In a milestone for press freedom, reporters covering political protests will be allowed to enter areas closed to the general public without interference from cops in California. The law, taking effect in January, extends protections that reporters already have in emergency zones—like wildfires and evacuation sites—to rallies and demonstrations. One would’ve thought this was constitutionally protected practice, but state and local laws shake out variably. Arrests and assaults have recently included a radio journalist shot in the throat by a rubber bullet; a photographer shot at by rubber bullets while wearing a press pass and a visible press jacket; and the zip-tying of a reporter who’d identified himself as a member of the press.
Opposing the law were police chiefs’ groups and other officers claiming that giving “nearly unfettered access to an emergency” zone could imperil law enforcement. But the measure passed with overwhelming majorities, and reporters will be shielded from citation for refusing to disperse or violating curfew.

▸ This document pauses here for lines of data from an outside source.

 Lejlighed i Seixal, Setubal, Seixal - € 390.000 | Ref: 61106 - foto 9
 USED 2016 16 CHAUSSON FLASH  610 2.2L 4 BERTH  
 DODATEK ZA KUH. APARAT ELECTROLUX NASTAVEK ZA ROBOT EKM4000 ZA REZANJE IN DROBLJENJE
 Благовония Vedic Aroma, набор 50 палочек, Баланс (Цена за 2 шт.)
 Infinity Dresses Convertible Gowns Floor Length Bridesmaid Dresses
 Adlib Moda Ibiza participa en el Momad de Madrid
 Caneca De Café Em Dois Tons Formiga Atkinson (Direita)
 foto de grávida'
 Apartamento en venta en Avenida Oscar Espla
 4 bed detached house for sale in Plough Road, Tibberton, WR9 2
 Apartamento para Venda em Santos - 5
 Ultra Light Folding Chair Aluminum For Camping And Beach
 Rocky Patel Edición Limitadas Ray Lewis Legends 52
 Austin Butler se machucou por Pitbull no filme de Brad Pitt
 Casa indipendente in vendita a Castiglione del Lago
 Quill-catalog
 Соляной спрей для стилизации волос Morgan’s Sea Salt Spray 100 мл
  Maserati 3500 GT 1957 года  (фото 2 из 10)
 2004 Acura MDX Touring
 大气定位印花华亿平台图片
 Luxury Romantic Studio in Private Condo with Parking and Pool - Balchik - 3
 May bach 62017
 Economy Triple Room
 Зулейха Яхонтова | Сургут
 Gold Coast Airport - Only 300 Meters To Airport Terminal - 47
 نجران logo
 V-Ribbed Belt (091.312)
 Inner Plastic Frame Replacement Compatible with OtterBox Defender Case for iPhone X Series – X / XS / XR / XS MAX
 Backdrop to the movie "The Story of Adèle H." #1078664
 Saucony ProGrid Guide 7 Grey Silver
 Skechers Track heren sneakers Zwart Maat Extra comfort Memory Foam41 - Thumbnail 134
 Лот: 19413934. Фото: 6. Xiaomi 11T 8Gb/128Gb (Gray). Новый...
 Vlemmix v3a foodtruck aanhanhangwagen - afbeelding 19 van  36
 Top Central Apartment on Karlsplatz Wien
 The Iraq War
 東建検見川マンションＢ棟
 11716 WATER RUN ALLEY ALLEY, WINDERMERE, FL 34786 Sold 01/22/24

Harm’s way isn’t new to reporters in conflict zones. But the hazards were pronounced during last year’s protests. As Mother Jones contributor Wil Sands documented in a powerful photoessay, he and others have unwillingly joined what they call the Shot in the Eye club. During the uprising, the group’s members—across the country—were hit with “less lethal” ammunition in the face. After losing his retina to a tear gas canister while photographing a protest, he began organizing. His photos are a jolting reminder of what’s on the line.
One more for press freedom: The Nobel Peace Prize was awarded days ago to two reporters fighting authoritarianism, Maria Ressa of the Philippines and Dmitri A. Muratov of Russia, honored for uncovering corrupt forces hostile to public disclosure.